Providing the operator has confirmed that the operation accuracy of the processing feed mechanism as deduced using the measuring jig 1 and the white light interferometer 40 does not meet a predetermined accuracy level, the operator services or replaces the processing feed mechanism. Thereafter, the operator deduces again the operation accuracy of the processing feed mechanism in the same manner as described above. Providing the operator has confirmed that the operation accuracy of the processing feed mechanism as deduced using the measuring jig 1 and the white light interferometer 40 meets the predetermined accuracy level, the operator can confirm that one of the conditions for properly processing a workpiece with the cutting apparatus 2 has been satisfied. The operation accuracy of each of the linear motion mechanisms of the cutting apparatus 2 may be deduced when the cutting apparatus 2 is installed in a factory or the like. Additionally or alternatively, the operation accuracy of each of the linear motion mechanisms of the cutting apparatus 2 may be deduced when the cutting apparatus 2 has been in operation over a predetermined period of time. In this manner, the cutting apparatus 2 is kept in a state of being capable of processing workpieces to a nicety. Since the measuring jig 1 according to the present embodiment is conducive to a quick deducibility of the operation accuracy of each of the linear motion mechanisms, it ensures the cutting apparatus 2 more uptime.

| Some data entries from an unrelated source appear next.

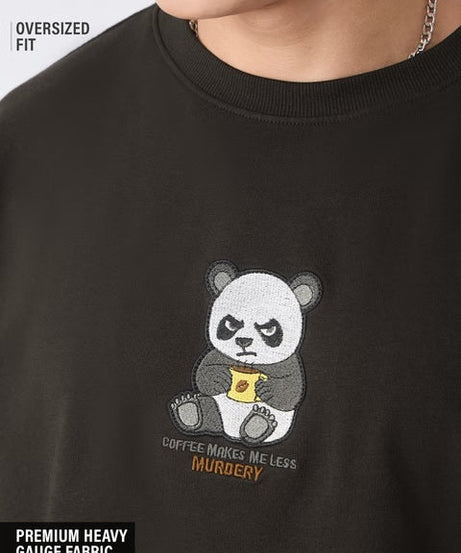 Caffeine Panda Oversized T-Shirts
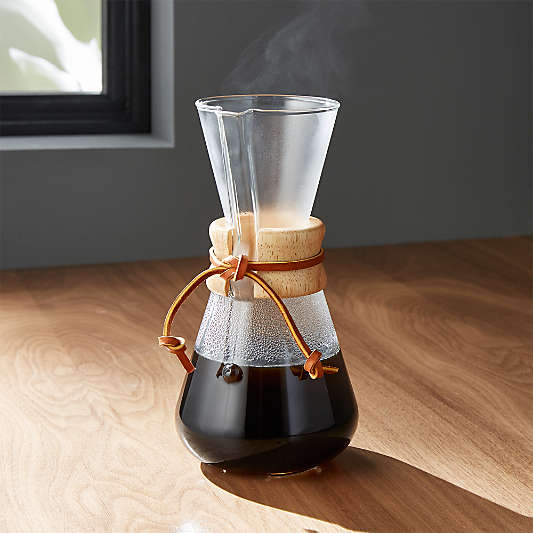 Chemex ® 3-Cup Glass Pour-Over Coffee Maker with Natural Wood Collar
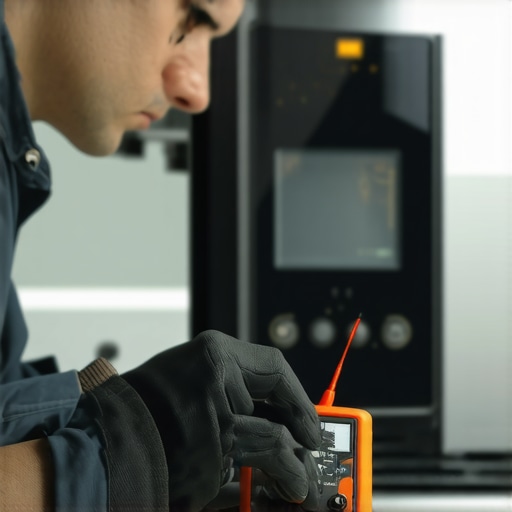 Testing Oven Igniter Amperage with a Multimeter A technician using a digital multimeter to diagnose a weak igniter in a gas oven.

Inasmuch as the measuring jig 1 has the parallel surface 5 parallel to the lower surface 3 and the slanted surface 9 slightly inclined to the parallel surface 5, the measuring jig 1 allows the operation accuracy of the linear motion mechanisms to be deduced highly accurately in combination with the white light interferometer 40. When the measuring jig 1 is in use, it does not need to be replaced each time an element of the operation accuracy is to be deduced. In other words, the operation accuracy can be deduced in terms of different elements in a short period of time with high accuracy simply by operating each linear motion mechanism only once.

The processing feed mechanism of the cutting apparatus 2 has been described as the linear motion mechanism whose operation accuracy is to be deduced, and the operation accuracy of the linear motion mechanism has been described as being deduced using the measuring jig 1 and the white light interferometer 40. However, the principles of the present invention are also applicable to measuring the operation accuracy of other linear motion mechanisms. For example, the operation accuracy of the indexing feed mechanism may be deduced similarly using the measuring jig 1 and the white light interferometer 40.

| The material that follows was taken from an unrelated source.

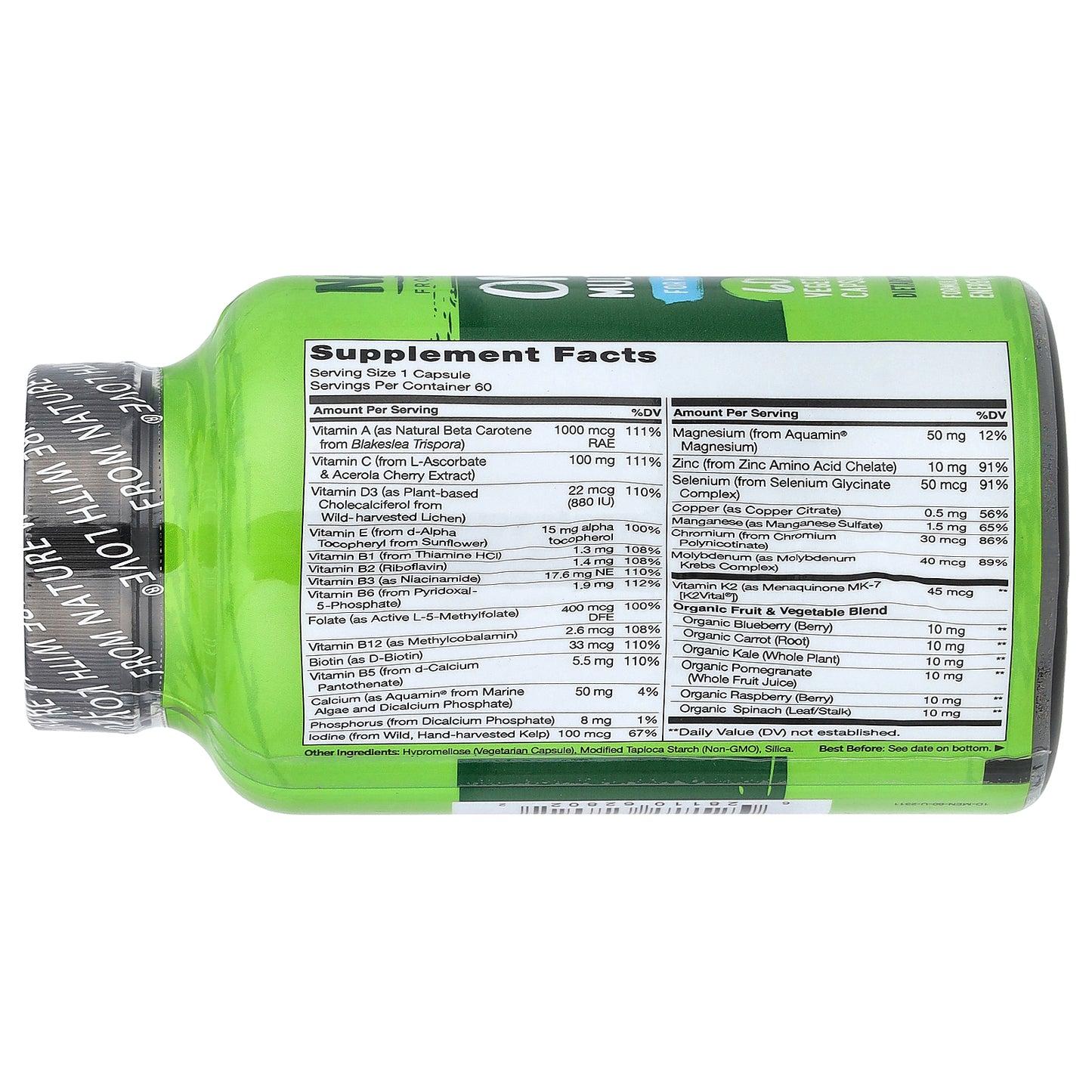 NATURELO, One Daily Multivitamin for Men, 60 Vegetarian Capsules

Moreover, the operation accuracy of the incising feed mechanism may be deduced similarly using the measuring jig 1 and the white light interferometer 40. The incising feed mechanism is a linear motion mechanism for lifting and lowering the cutting unit 18 with respect to the chuck table 8. In order to use the measuring jig 1 and the white light interferometer 40 on the incising feed mechanism, the measuring jig 1 is securely put in an upstanding posture on the holding surface 8a of the chuck table 8 or the upper surface of the table base 8b. At this time, the upper surface of the measuring jig 1 is oriented to face the cutting unit 18 in one of the Y-axis directions. Then, the white light interferometer 40 is securely mounted on the cutting unit 18 so as to face the measuring jig 1. Thereafter, the incising feed mechanism is operated to lift and lower the cutting unit 18 while at the same time the white light interferometer 40 captures images of the upper surface, i.e., the parallel surface 5 and the slanted surface 9, of the measuring jig 1 along the boundary line 7. The operation accuracy of the indexing feed mechanism can then be deduced from changes in interference fringes that appear in the captured images.

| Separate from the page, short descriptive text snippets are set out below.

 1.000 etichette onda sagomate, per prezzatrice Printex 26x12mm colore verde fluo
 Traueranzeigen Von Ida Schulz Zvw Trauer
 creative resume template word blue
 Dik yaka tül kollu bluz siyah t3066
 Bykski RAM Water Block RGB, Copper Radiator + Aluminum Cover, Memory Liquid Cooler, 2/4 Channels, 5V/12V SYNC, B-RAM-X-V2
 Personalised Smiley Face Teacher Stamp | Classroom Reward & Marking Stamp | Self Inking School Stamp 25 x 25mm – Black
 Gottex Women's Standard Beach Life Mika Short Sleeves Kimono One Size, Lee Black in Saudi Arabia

In the illustrated embodiment, the measuring jig 1 is placed on the table base 8b or the chuck table 8, and the white light interferometer 40 is connected to the cutting unit 18. However, the measuring jig 1 and the white light interferometer 40 may be switched around. Specifically, the measuring jig 1 may be connected to the cutting unit 18, and the white light interferometer 40 may be placed on the table base 8b or the chuck table 8, so that the white light interferometer 40 can capture images of the measuring jig 1 on the cutting unit 18. According to the present invention, it is important that the measuring jig 1 be held in contact with one of two components that are moved and not moved respectively by a linear motion mechanism and the white light interferometer 40 be held in contact with the other of the two components.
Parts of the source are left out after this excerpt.